Question: An electron moves at a distance of 6cm when accelerated from rest by an electric field of strength\(...

Question

An electron moves at a distance of 6cm when accelerated from rest by an electric field of strength $2\times {{10}^{4}}N{{C}^{-1}}$ . Calculate the time of travel (mass of electron= $9.1\times {{10}^{-31}}Kg$ ).

Answer 1

Solution

Hint: The question is based on the motion of a uniform electric field. Under the influence of the electric field, electrons experience a force. Use the relation of force and electric field with charges. To solve further use a kinematic equation.

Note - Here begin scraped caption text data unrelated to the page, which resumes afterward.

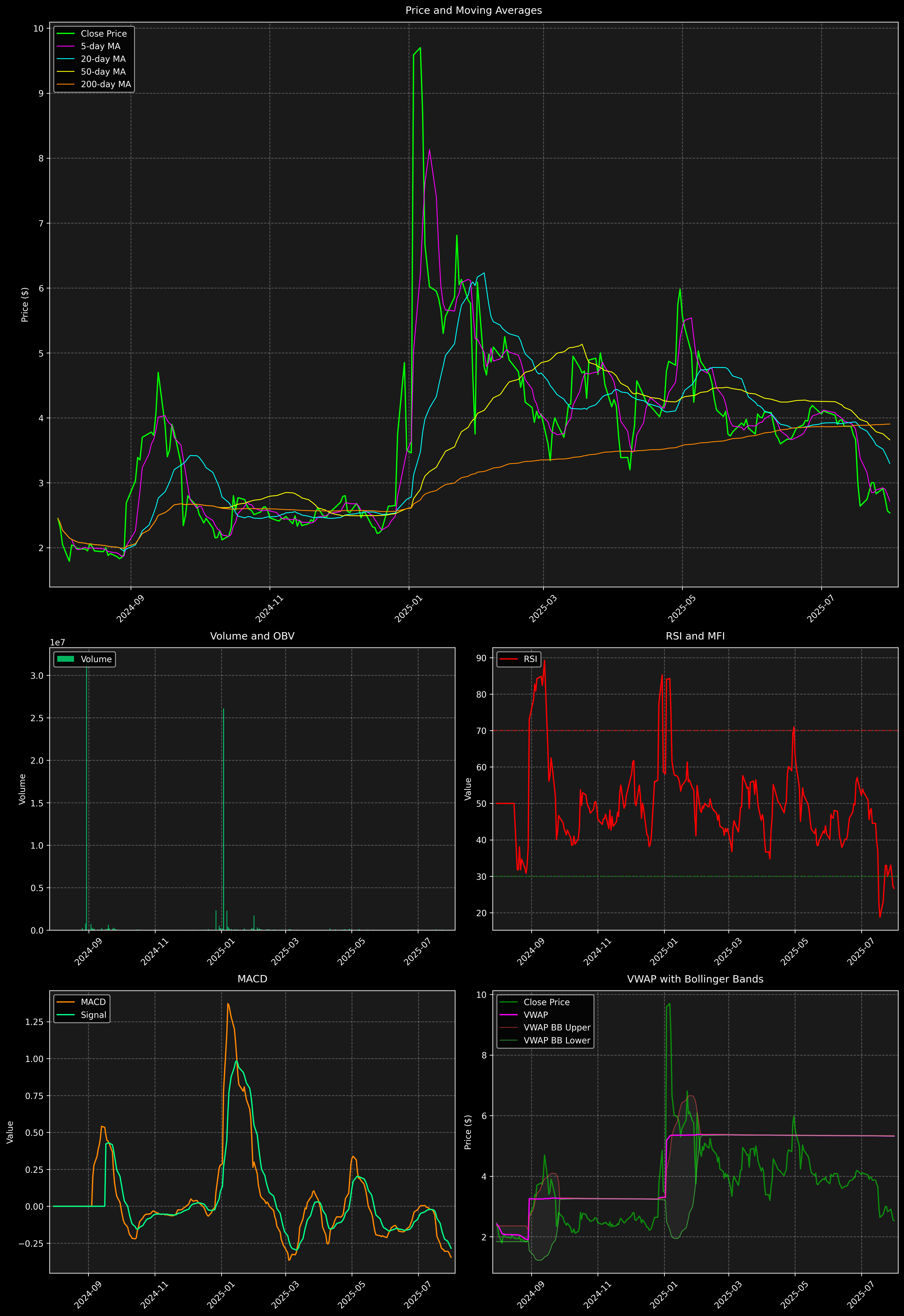 Technical Analysis Graph
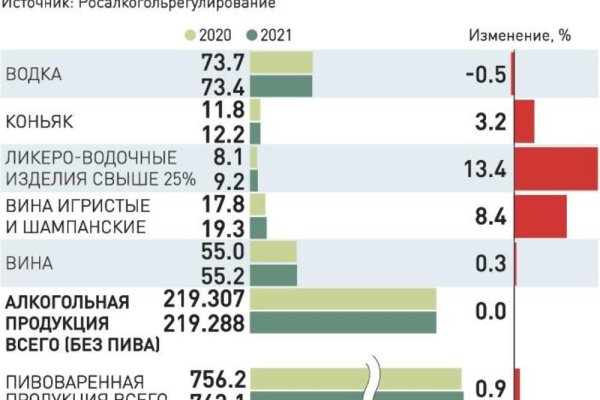 Купить наркоту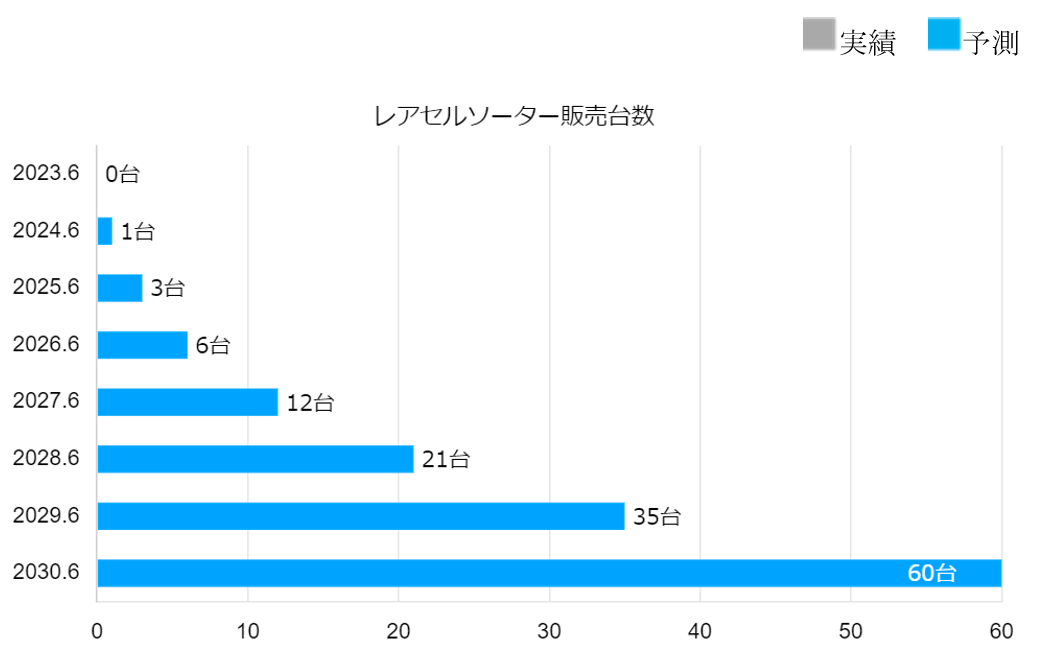 【タイトル】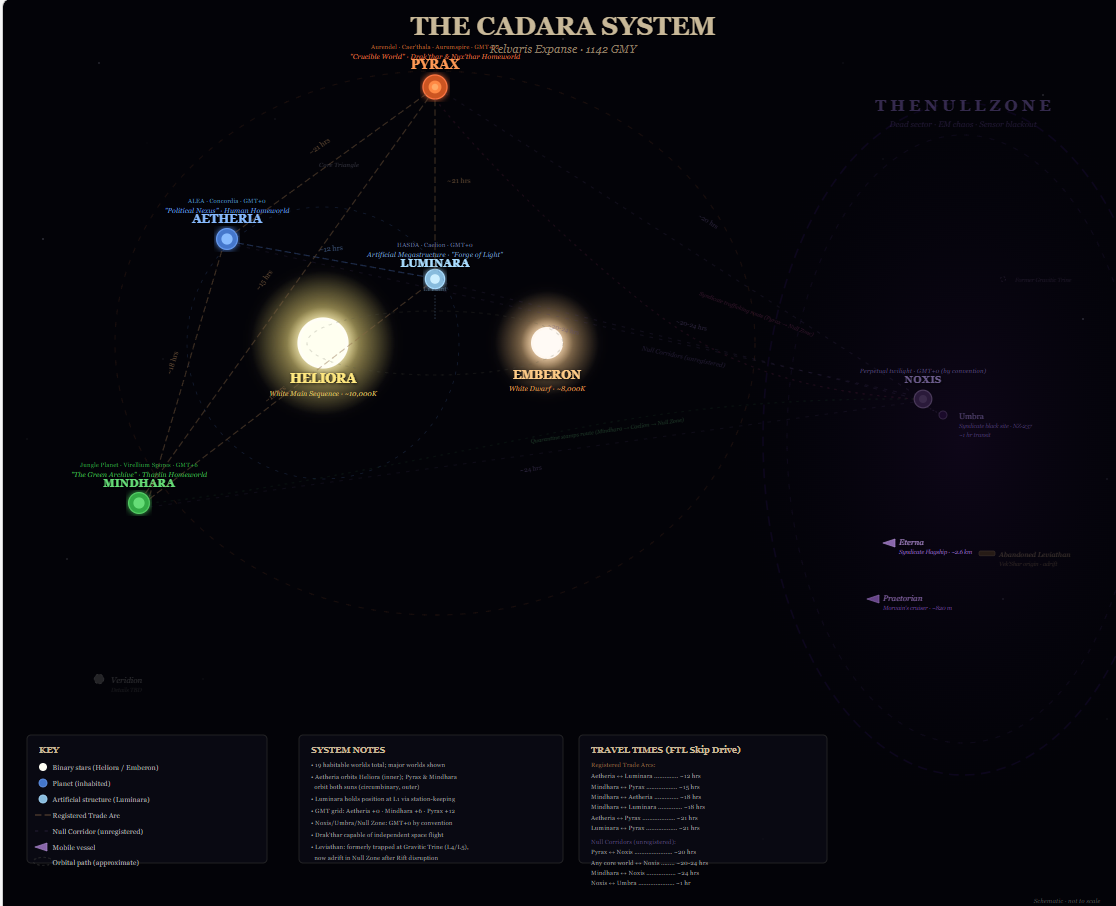 Cadara Galaxy System Map
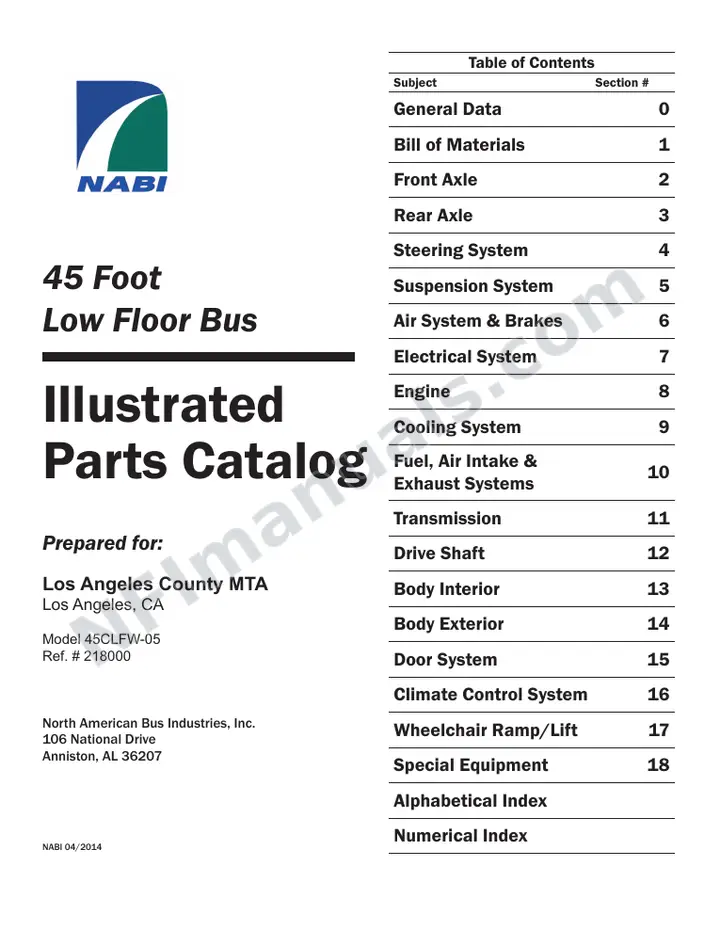 SR9173 (218000) Parts Manual, LACMTA first-page preview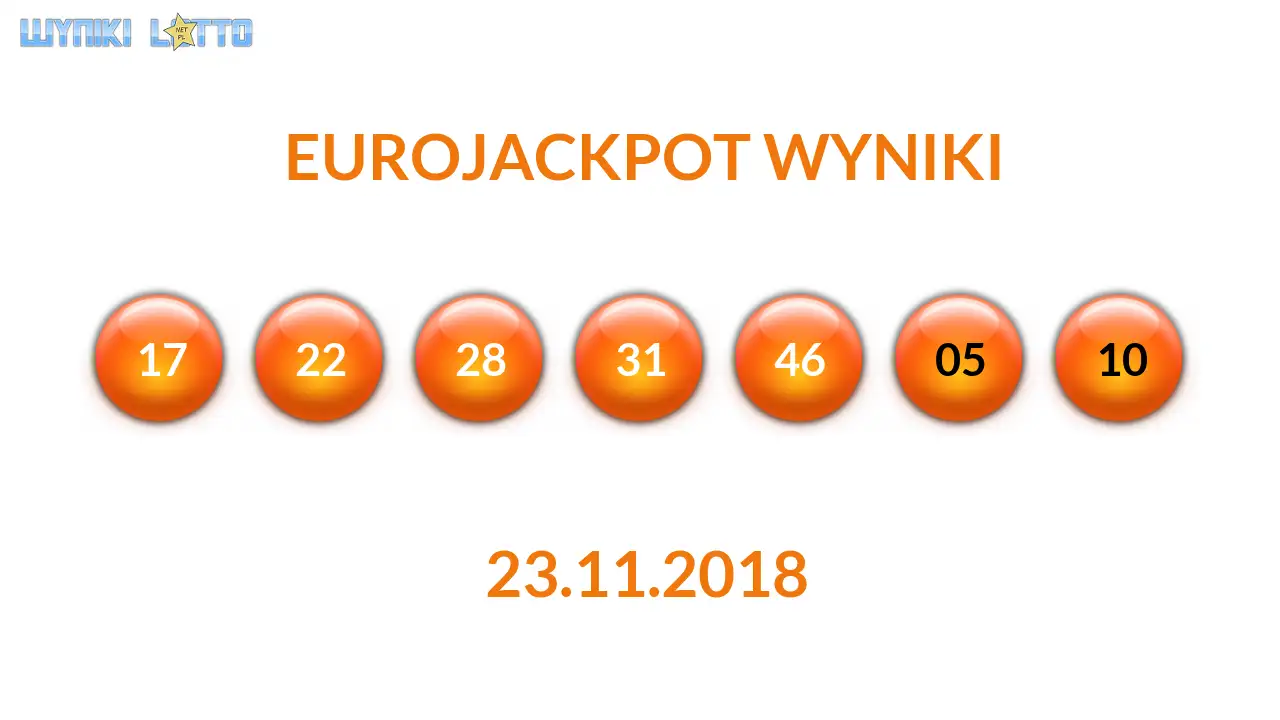 Kulki Eurojackpot z wylosowanymi liczbami dnia 23.11.2018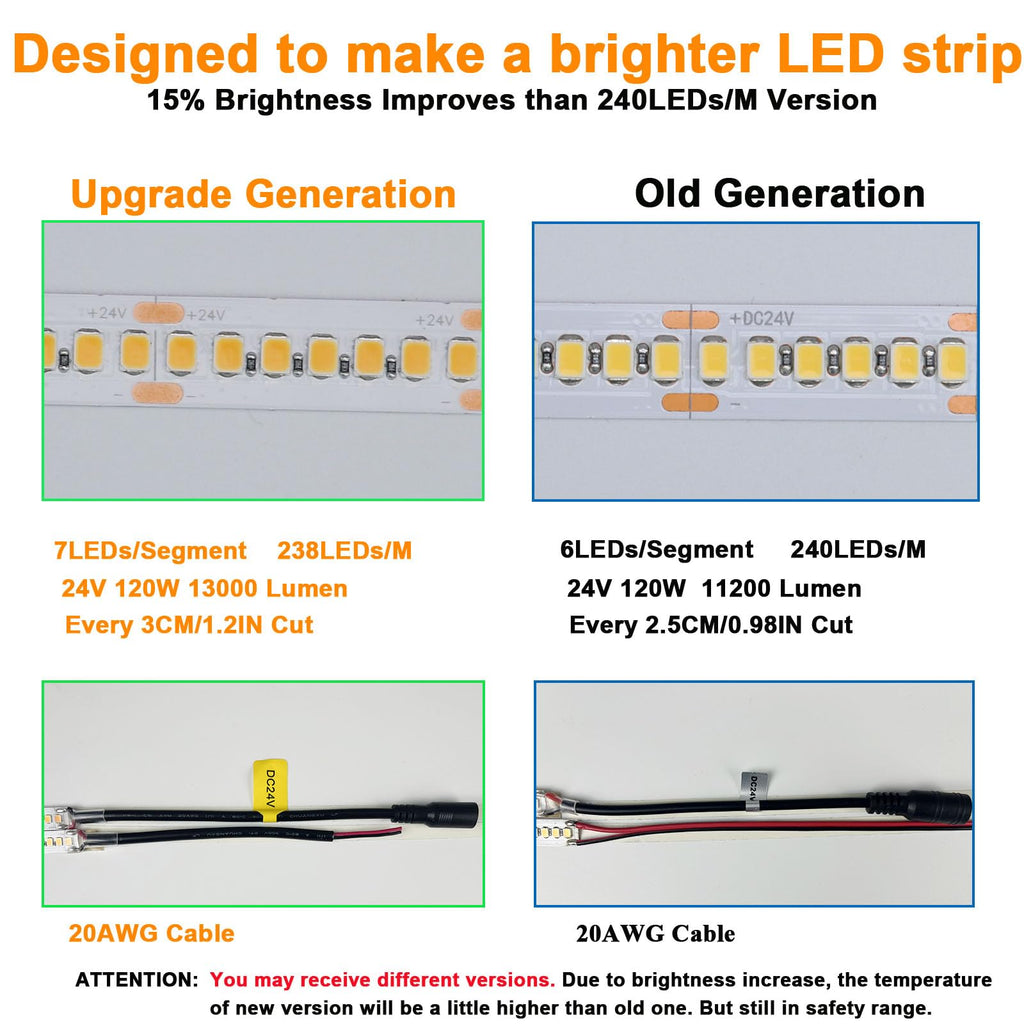JOYLIT 24V LED Strip Lights | 3000K Warm White 14000LM High CRI 92+
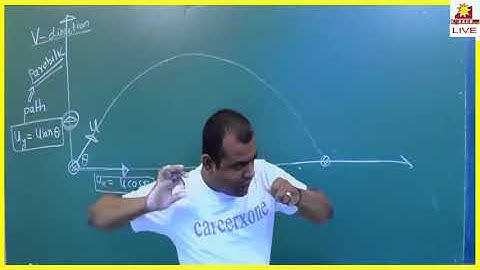 Career Xone Coaching for NEET and IIT JEE in Gondia For admission call 9673383561/9145481323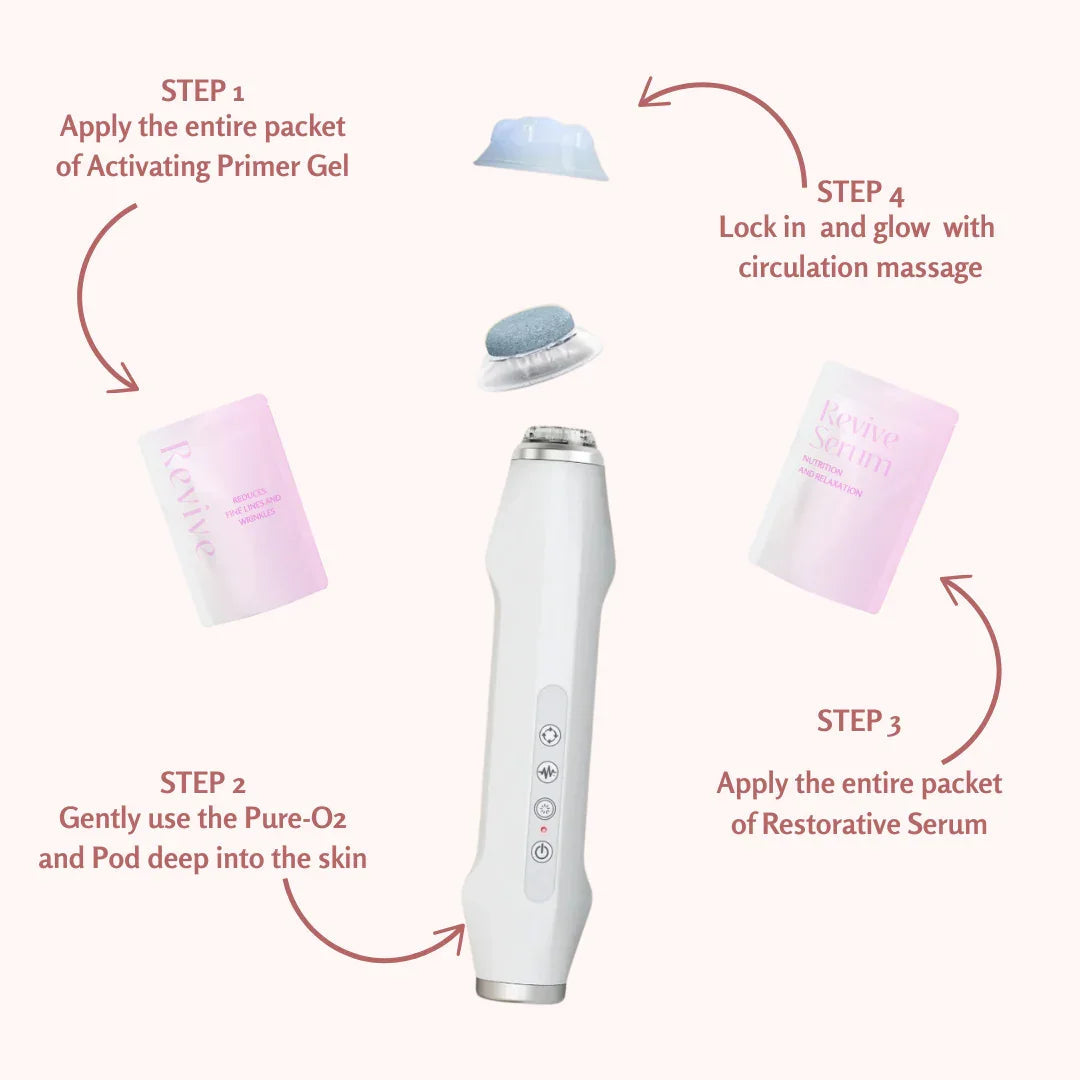 PureO2 - Bioactive Delivery MicrOxygenation
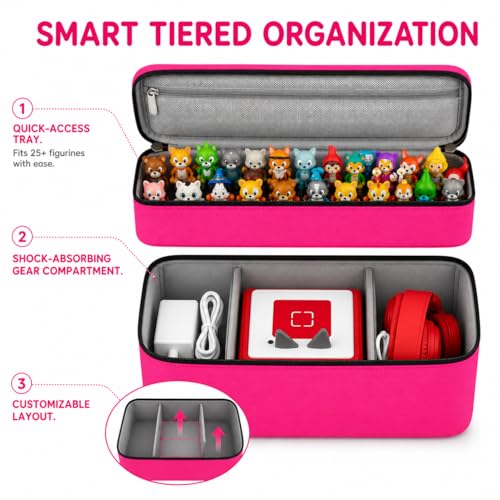 Bevegekos 2-Layer Carrying Case for Toniebox Gen 1 & 2, Holds 25+ Figures | 600D polyester, foam-padded interior, fits headphones & charging station, adjustable strap, perfect for travel and daily use - color: Rosy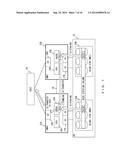 CONTROL DEVICE, AND STORAGE SYSTEM diagram and image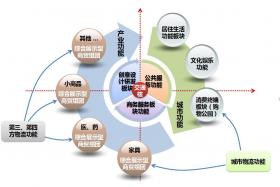 001 成都北部新城商城产业规划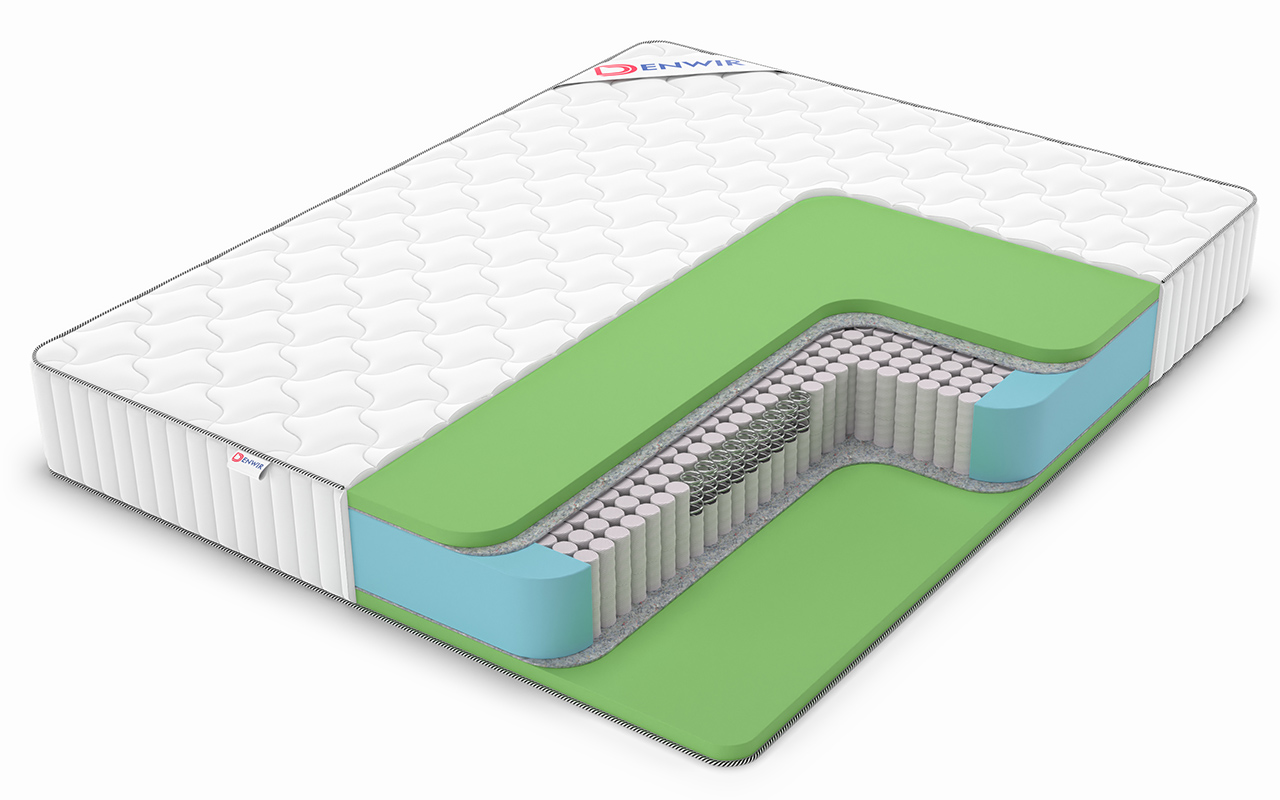 Denwir Classic Foam S1000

Complete step by step answer:
Electrons are under the influence of an electric field then there must be force which is exerting on that electron. Which you can understand by given formula,
$\begin{aligned} & \text{electric field=}\dfrac{\text{force}}{\text{charge}} \\\ & i.e. \\\ & E=\dfrac{F}{q} \\\ \end{aligned}$
$F=Eq$
Then according to Newton's second law of motion force is equal to product of mass and acceleration.
$F=ma$
Equating value of force (F)
We get,
$Eq=ma$
Where m= mass of electron
a = acceleration of electron
E = electric field
q= charge on electron
Therefore value of a is
$a=\dfrac{qE}{m}$
Now use kinematic equation,
$s=ut+\dfrac{a{{t}^{2}}}{2}$
At initial stage speed was zero so,
$u=0$
$s=\dfrac{a{{t}^{2}}}{2}$
But we want the value of time (t).
Rearrange the above equation, we get
$\begin{aligned} & t=\sqrt{\dfrac{2s}{a}} \\\ & t=\sqrt{\dfrac{2sm}{qE}} \\\ & t=\sqrt{\dfrac{2\times 6\times {{10}^{-2}}\times 9.1\times {{10}^{-31}}}{1.6\times {{10}^{-19}}\times 2\times {{10}^{-4}}}} \\\ & t=\sqrt{\dfrac{34.12\times {{10}^{-10}}}{1}} \\\ & t=5.84\times {{10}^{-5}}\sec \\\ \end{aligned}$

Note: We can calculate force by using electric fields. Use the motion of a uniform electric field. There are three types of kinematic equations. Depends on problem we have to use type of kinematic equation: $s=ut+\dfrac{a{{t}^{2}}}{2}$ , ${{v}^{2}}={{u}^{2}}+2as$ and $v=u+at$ . We know that, if a particle moving initially with velocity ‘u’ is accelerated and move with constant acceleration ‘a’ then its velocity ‘v’ at instant ‘t’ is given by $s=ut+\dfrac{a{{t}^{2}}}{2}$ . The displacement ‘s’ at instant of a particle moving with initial velocity ‘u’ and constant acceleration ‘a’ is given by ${{v}^{2}}={{u}^{2}}+2as$ . The final velocity, initial velocity u constant acceleration’ and displacement’ are related as $v=u+at$ . If you know the value of the electric field and type of charge then you can calculate the value of voltage and force.